== Segment start ==

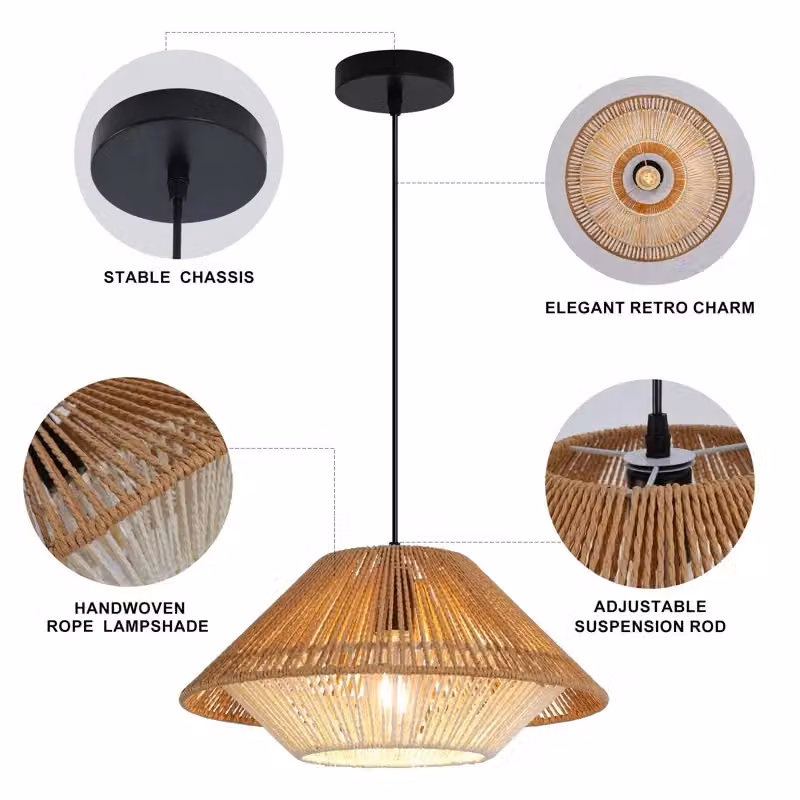 Garwarm Brown Rattan Farmhouse Cone Pendant Light with Adjustable Height and Dimmable Function – 4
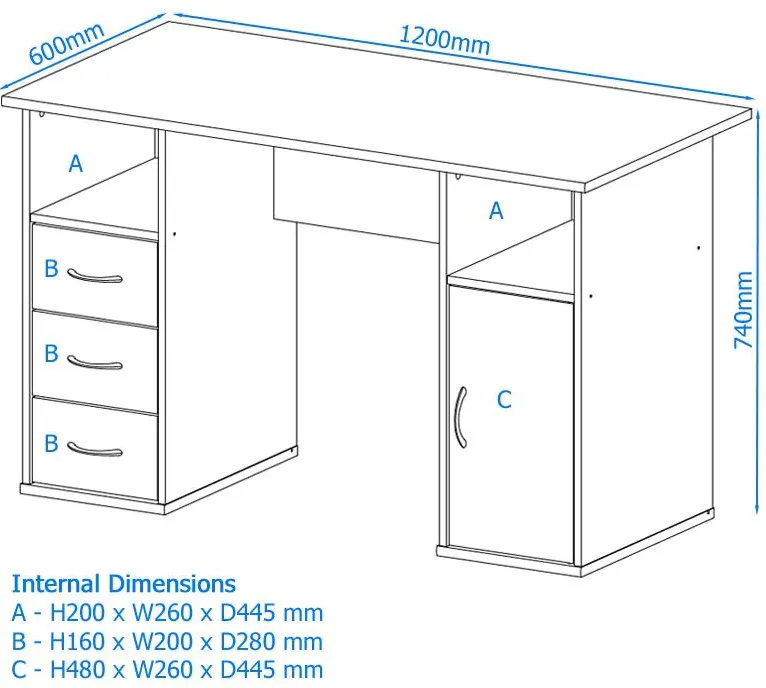 Maryland Home Office Desk - Beech, Walnut or White Option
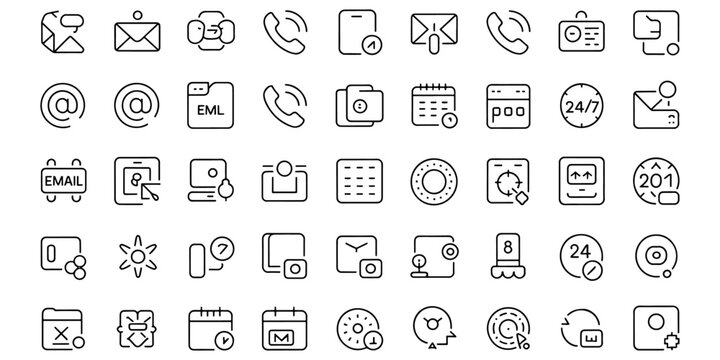 Collection of 40 Minimalist Line Icons for Communication, Time Management, and Online Interaction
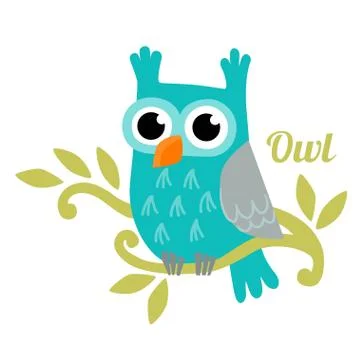 Owl isolated vector illustration. Illustrazione stock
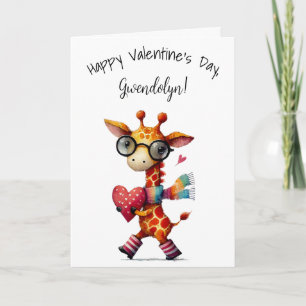 Tarjeta Lindo Jirafa Caprichoso Feliz Día de San Valentín
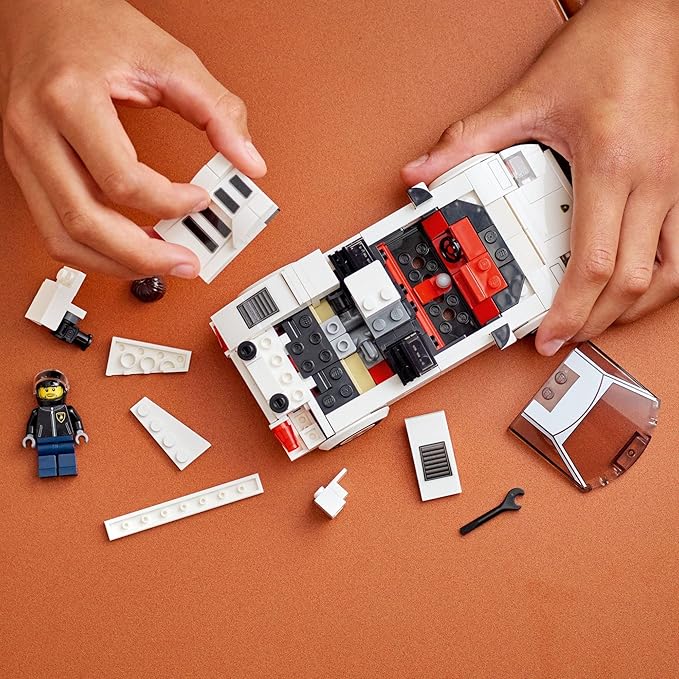 Lego Speed Champions Lamborghini Countach 76908 Race Car Toy Model Replica Collectible Building Set with Racing Driver Minifigure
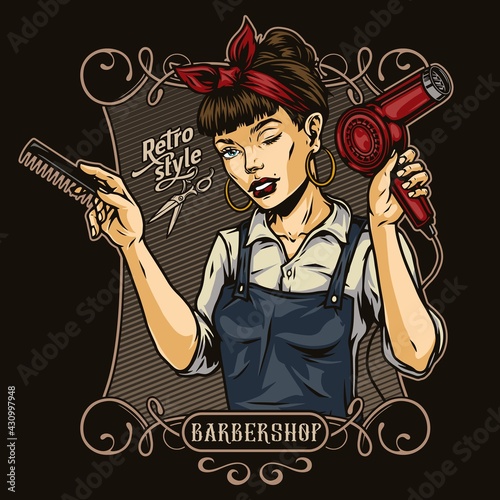 Vintage colorful barbershop label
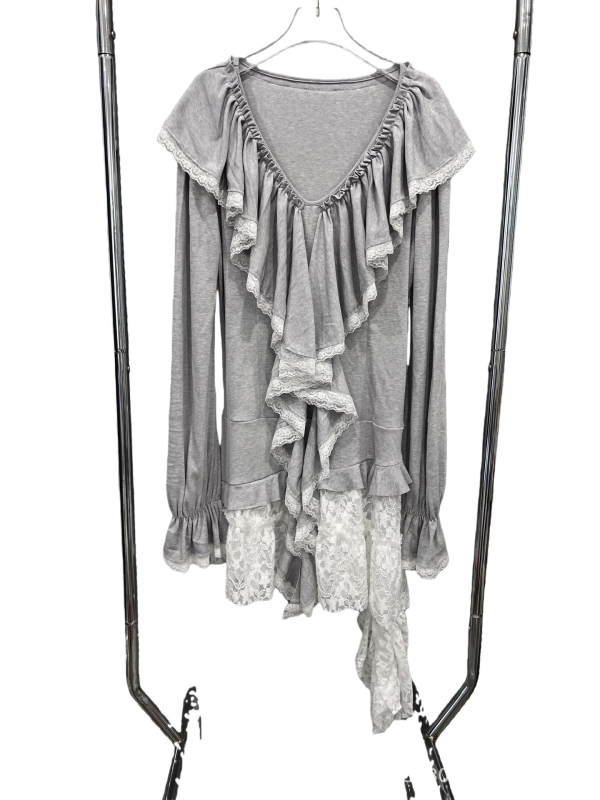 Pulover cu decolteu în V, croșetă dantelată cu margine din panglică, tricot din bumbac-elastan, croială A-line, mâneci lungi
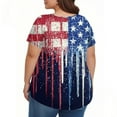 thumbnail image 5 of TQWQT Women Plus Size American Flag Tops 4x-5x Patriotic Crew Neck Shirts Stars and Stripes Pleated Tops Short Sleeve Tops Large Casual Tunics Blouses Blue L, 5 of 6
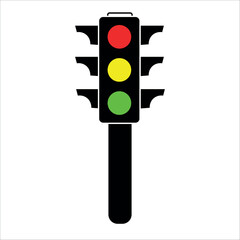 Simple black traffic light with red yellow and green signals.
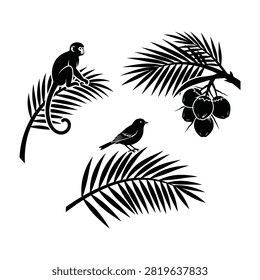 A monkey and two birds sit on palm tree branches with lush leaves and tropical fruit, evoking a jungle atmosphere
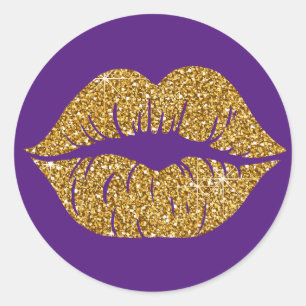 Adesivo Glam Dourado Glitter Lábios Trendy Sparkle Purple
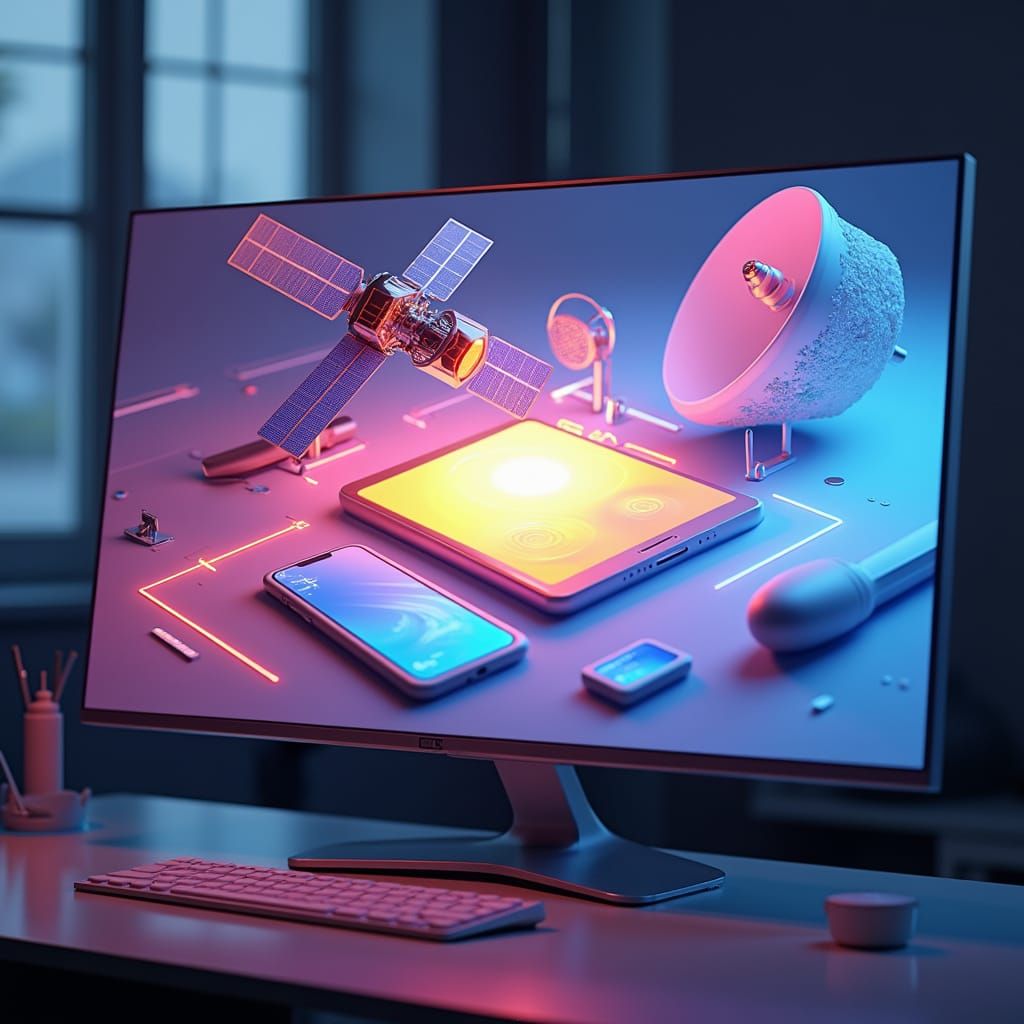 Modern Computer Screen Displaying 3D ICT Elements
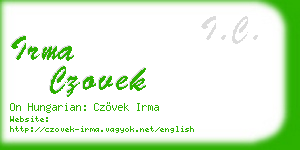 irma czovek business card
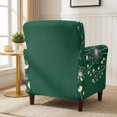 thumbnail image 3 of FKELYI Green Flower Print Stretch Couch Sofa Cover Non-Slip Armchair Slipcover for Home Living Room Office Furniture Protector Washable Loveseat Covers, 3 of 7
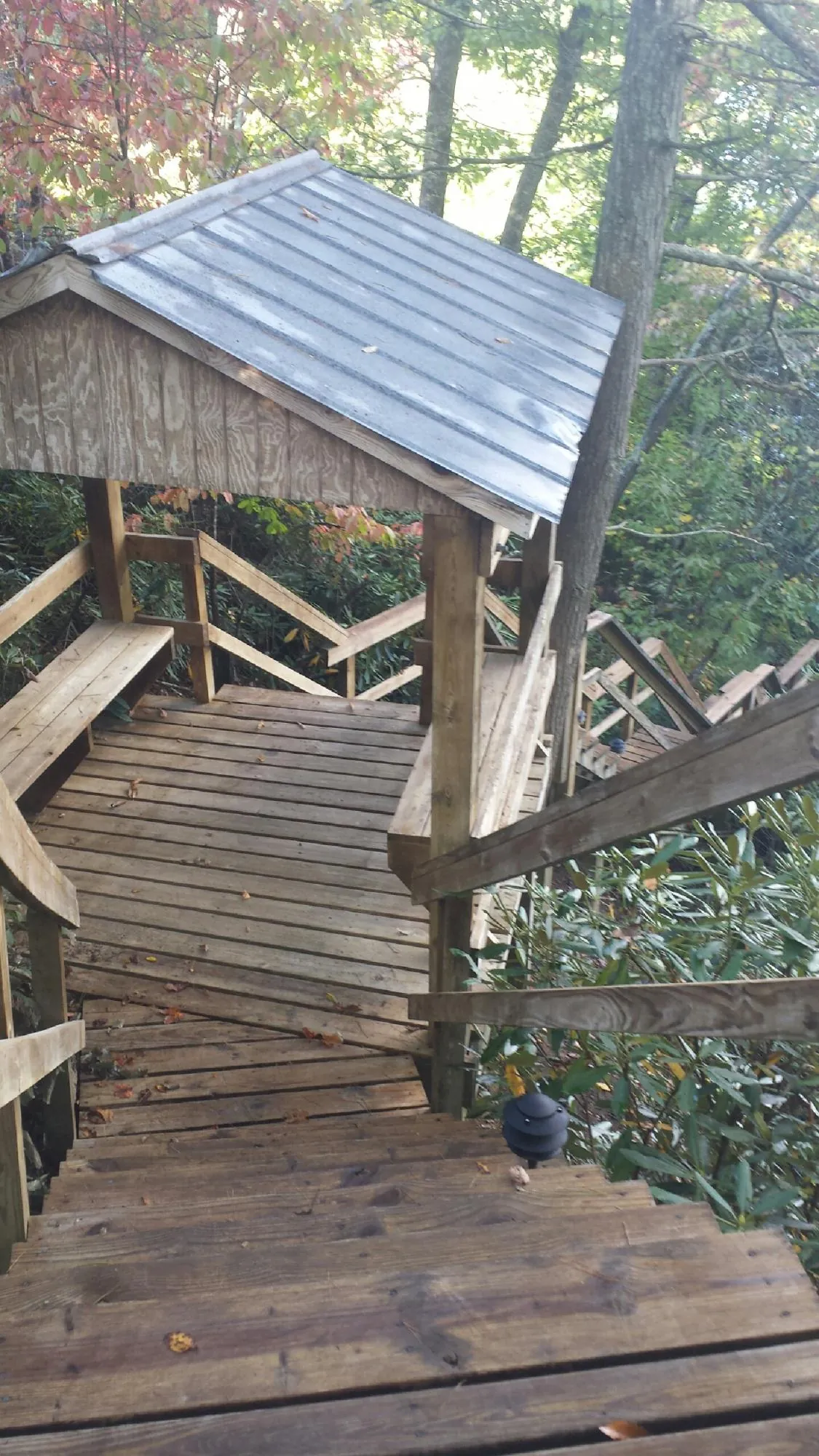 Metal roofed shelter over wooden steps on a wooded walkway — Skylight Repair & Installation work by our crew in Polkville
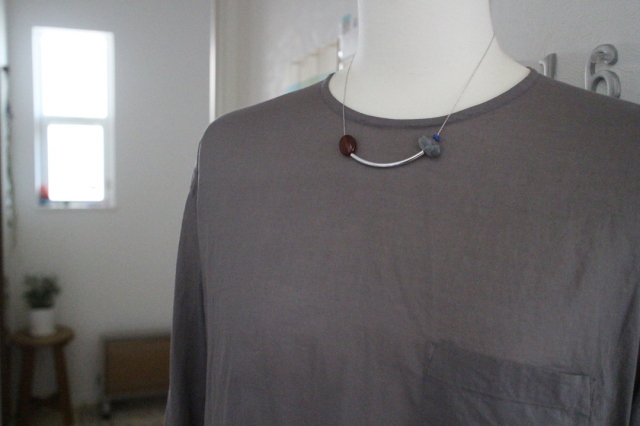 eunnamu ＊ウンナム ＊ラブラドライト × 茶瑪瑙＊silver necklace ( U417 )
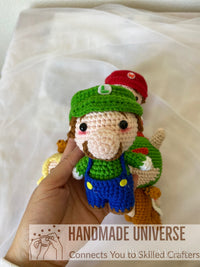 Crochet Mario Luigi Princess Peach amigurumi, Mario plush toys, Luigi figure, Mario Stuffed Doll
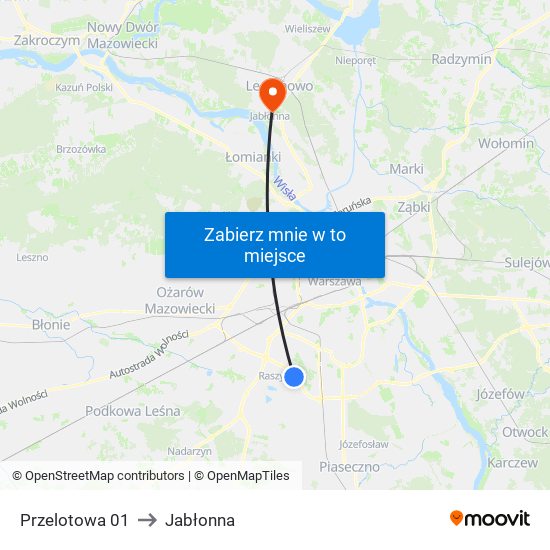 Przelotowa 01 to Jabłonna map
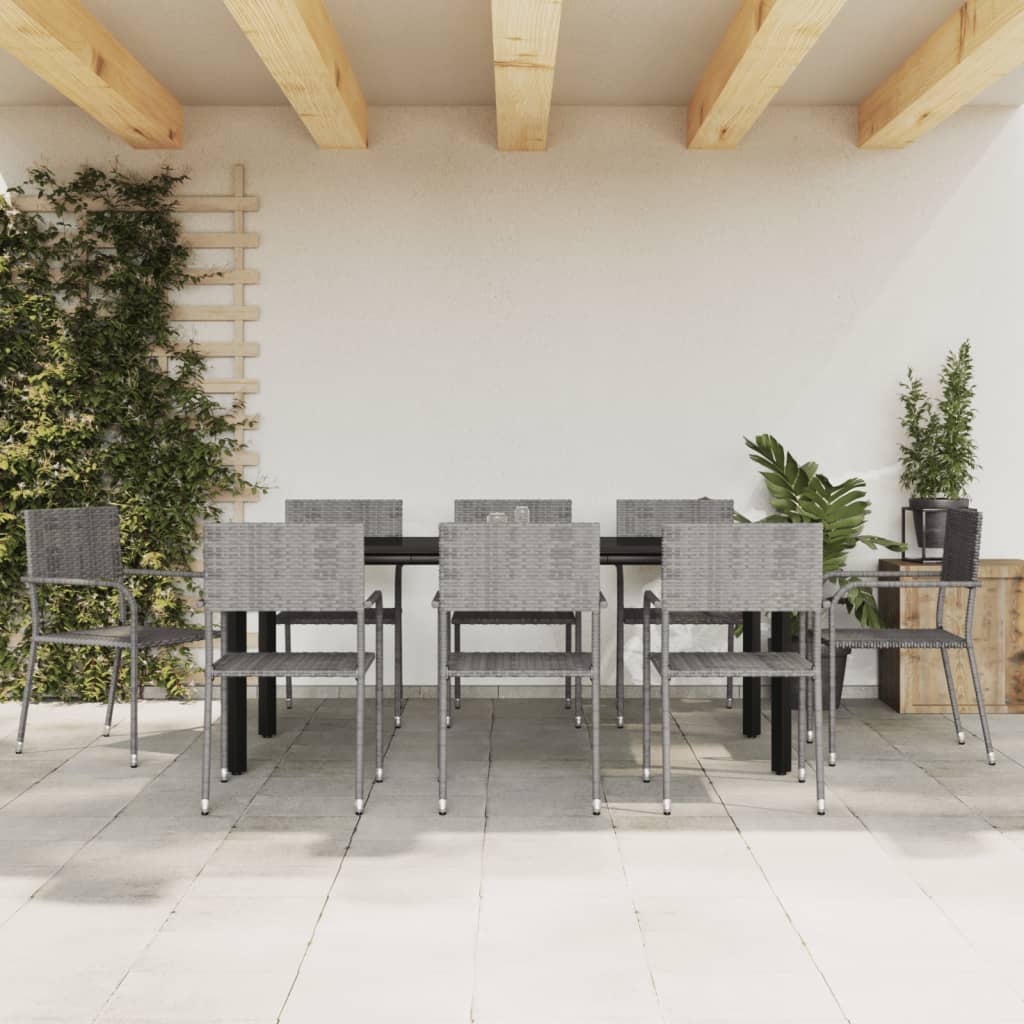 Vetonek Juego de comedor jardín 9 pzas ratán sintético acero gris negro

== Segment end ==

Look above and copy only the lines from the one holding "Modern Computer Screen" to the one holding "thumbnail image 3", both included, exactly, minus the pictures.

Result below
 Modern Computer Screen Displaying 3D ICT Elements
 irma czovek business card
 thumbnail image 3 of FKELYI Green Flower Print Stretch Couch Sofa Cover Non-Slip Armchair Slipcover for Home Living Room Office Furniture Protector Washable Loveseat Covers, 3 of 7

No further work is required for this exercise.